Material shown Block Start

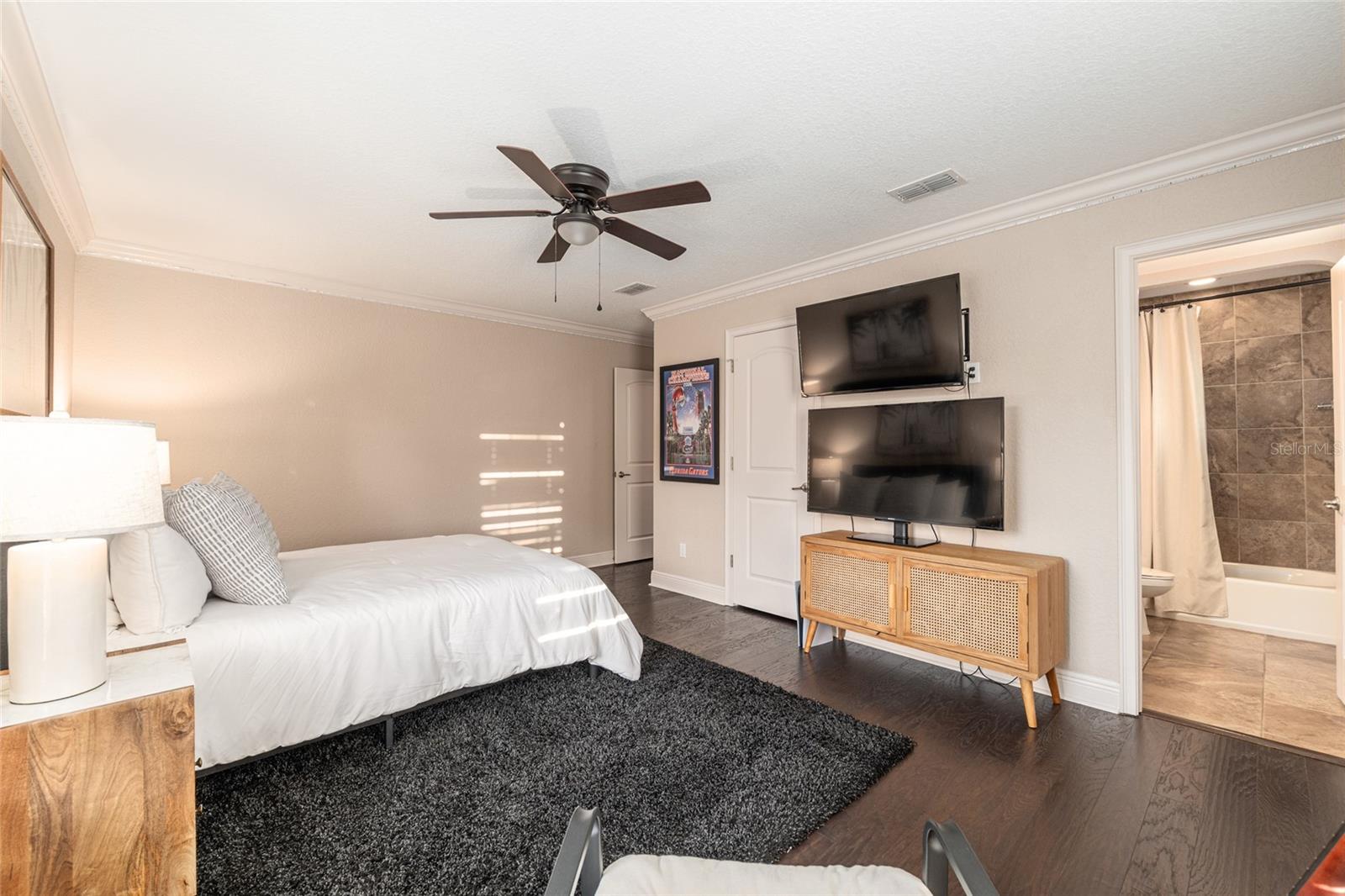 BELLECHASE OAK HAMMOCK - Residential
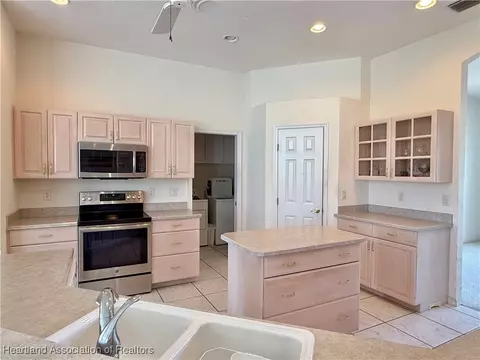 5614 Angelo Cir, Sebring, FL 33872 photo 8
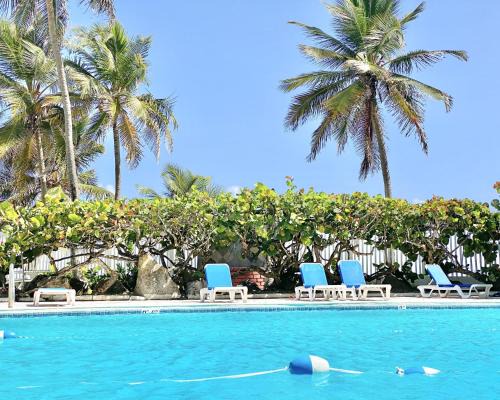 Condado Apartment | KASA El Sol by the Sea with Pool and Parking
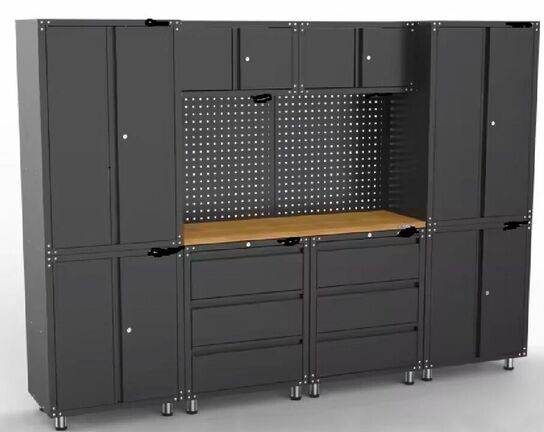 Værkstedsreol m. værktøjsvæg. Alt er lavet i metal. Arbejdsbord med bordplade i træ. Værktøjsvæg til ophæng af værktøj samt overskabe med låger. Totalmål B271 X H187 cm. Usamlet og ubrugt.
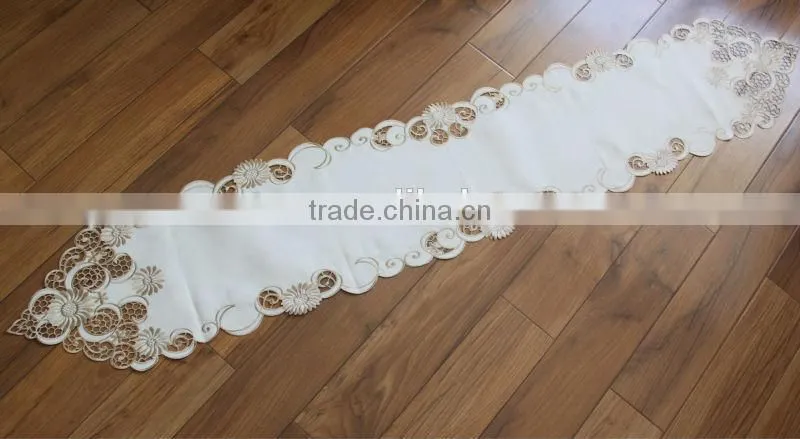 table runner white
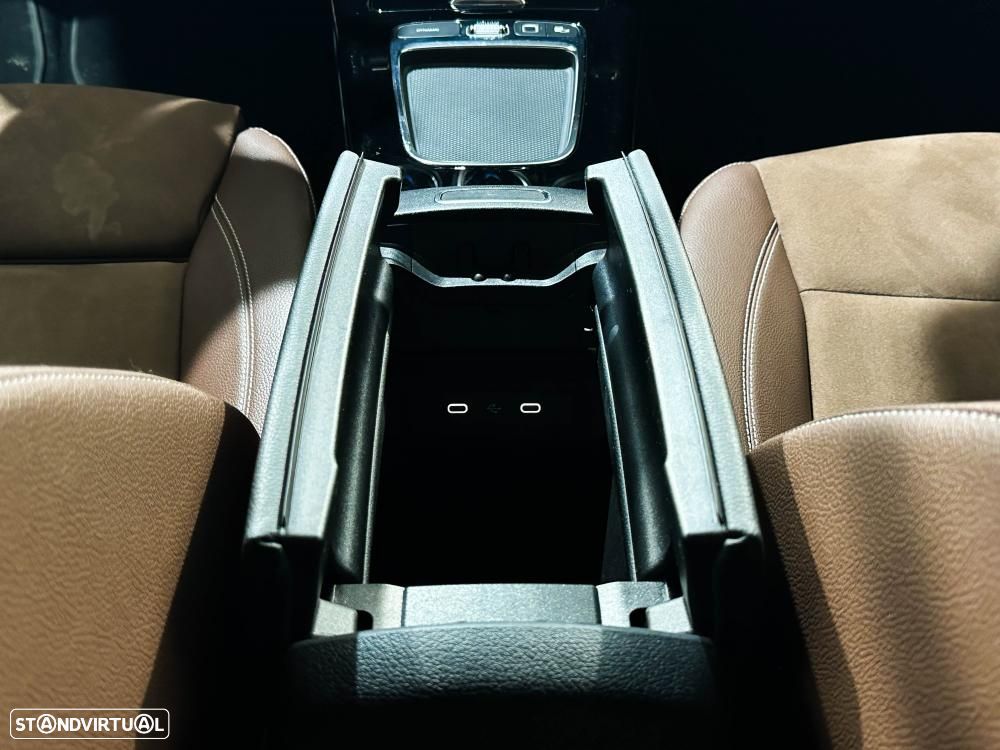 Mercedes-Benz CLA 200 7G-DCT AMG Line Advanced Plus - 24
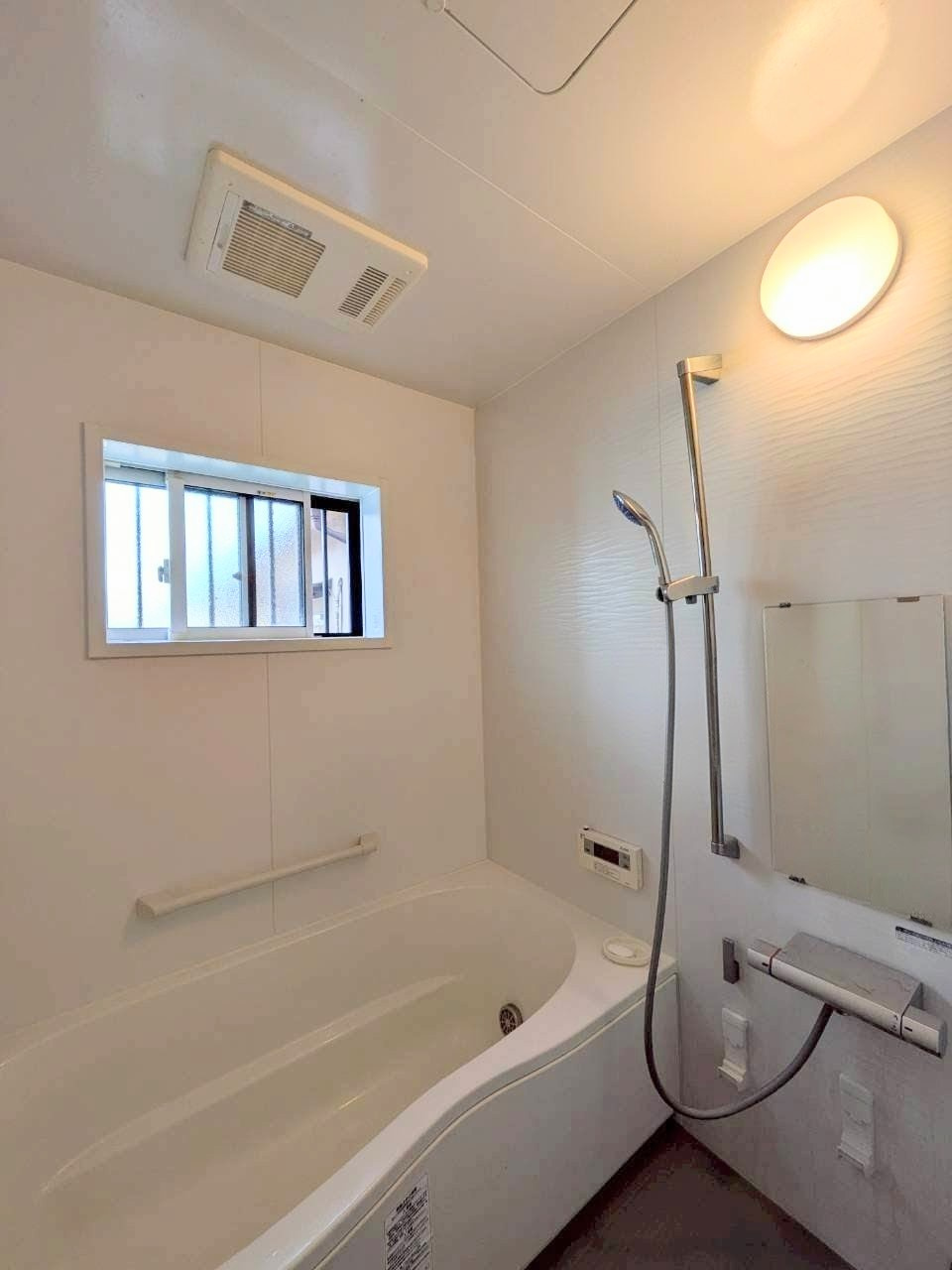 岡山市南区浦安本町 中古住宅の浴室|◆肩までしっかり浸かることができる浴槽です。寒い日や雨の日にも大活躍の浴室換気乾燥暖房機付き！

Material shown Block End

*Directions for this task:*
What is needed is an exact copy of every entry, with the pictures removed.

*Answer section:*
 BELLECHASE OAK HAMMOCK - Residential
 5614 Angelo Cir, Sebring, FL 33872 photo 8
 Condado Apartment | KASA El Sol by the Sea with Pool and Parking
 Værkstedsreol m. værktøjsvæg. Alt er lavet i metal. Arbejdsbord med bordplade i træ. Værktøjsvæg til ophæng af værktøj samt overskabe med låger. Totalmål B271 X H187 cm. Usamlet og ubrugt.
 table runner white
 Mercedes-Benz CLA 200 7G-DCT AMG Line Advanced Plus - 24
 岡山市南区浦安本町 中古住宅の浴室|◆肩までしっかり浸かることができる浴槽です。寒い日や雨の日にも大活躍の浴室換気乾燥暖房機付き！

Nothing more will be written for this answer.